There is one hopeful exception: The Lepse, one of Russia’s longest unsolved radiation safety issues, may soon expect decommissioning works to finally start within the framework of an international decommissioning project. Earlier this year, Bellona wrote an open letter to the Rosatom’s head Sergei Kiriyenko asking that he clear the bureaucratic hurdles blocking the Lepse’s decommissioning and expedite the process.

 The Lepse was in service between 1963 and 1981, supplying fresh nuclear fuel and unloading spent fuel from nuclear-powered icebreakers. The necessity to decommission the Lepse was well recognised as early as 1989, and the first remediation project for the Lepse was initiated by Bellona as far back as 1994, when international donors started pledging funds to help safeguard this floating hazard.

 But sixteen years on, the project is still spinning its wheels. The Lepse has still not been unburdened from the high-level radioactive waste and damaged nuclear rods stored in its holds and is still laid up at an Atomflot wharf just two kilometres from the residential buildings of Murmansk.

 According to Atomflot, the immediate plans will see radioactive waste unloaded from the vessel and the ship itself decontaminated to ensure personnel safety while removing the spent nuclear fuel on board and during the subsequent cutting-up.

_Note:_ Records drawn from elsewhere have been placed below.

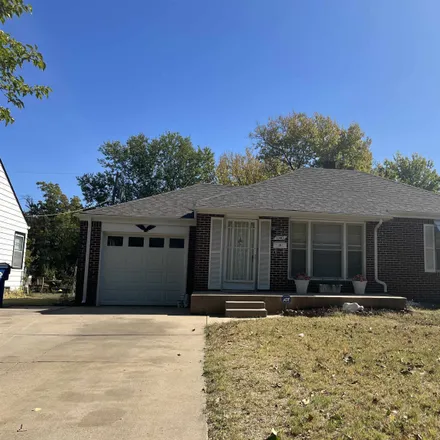 Buy this 2 bed house on 1338 North Crestway in Wichita, KS 67208
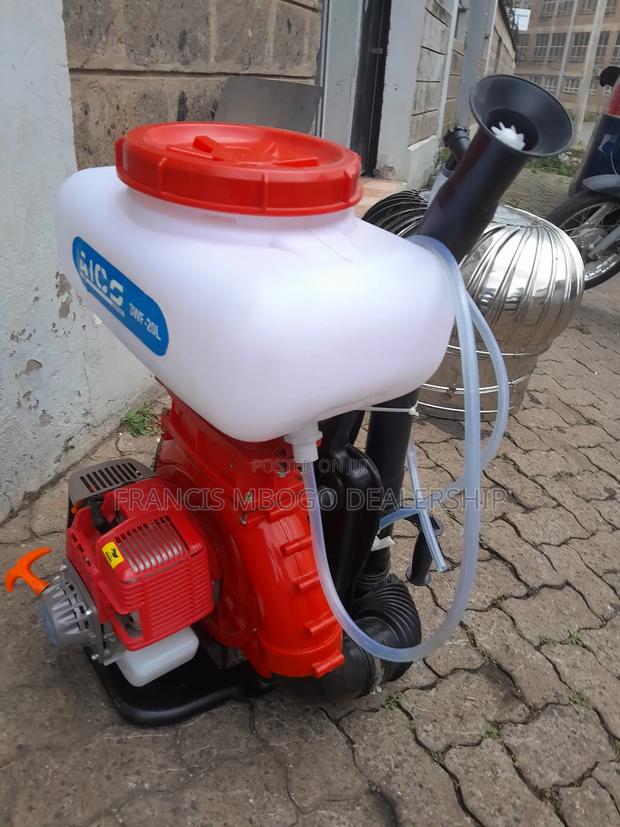 100% Guaranteed Mist Blower Knapsack - main view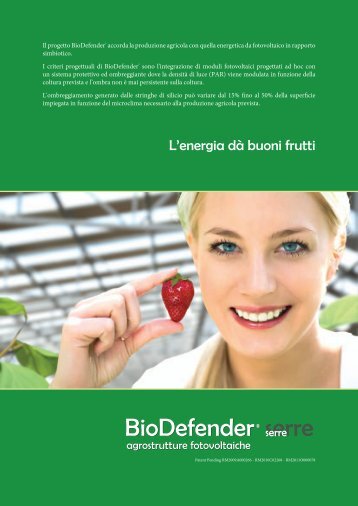 Brochure BioDefender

Repairs have already been done on the hull bottom, prolonging the Lepse’s floatability for another ten years. Atomflot may have decided to play it safe in case the Lepse’s life span were to be extended. But given the decrepit state of Russia’s decommissioned nuclear fleet, this could indeed be a wise precaution: In early June, another former nuclear maintenance vessel, the Severka, which was used to shuttle shipping containers with spent nuclear fuel before the 1990s – and by 2010 itself constituted radioactive waste – was reported to have sunk at the wharf of a shiprepairing yard in Alexandrovsk on the Kola Peninsula, in close vicinity to the large administrative centre of Murmansk.

 Atomflot reports that an international consultant has already been chosen to ensure all works on the Lepse meet international standards and are done in conformity with internationally accepted technologies. Before 2010 is out, contracts are expected to be concluded with the shiprepairing yard Nerpa, located in Snezhnogorsk in Murmansk Region. Both of these stages – including towing the Lepse to the yard – were previously scheduled for completion by 2009.

 Andrei Ponomarenko, nuclear projects coordinator in Bellona-Murmansk, says there are indications that things are finally starting to move in the right direction.

“There have already been confirmations that works will indeed start [on the Lepse],” Ponomarenko said. “Atomflot is planning to begin preparatory works soon.”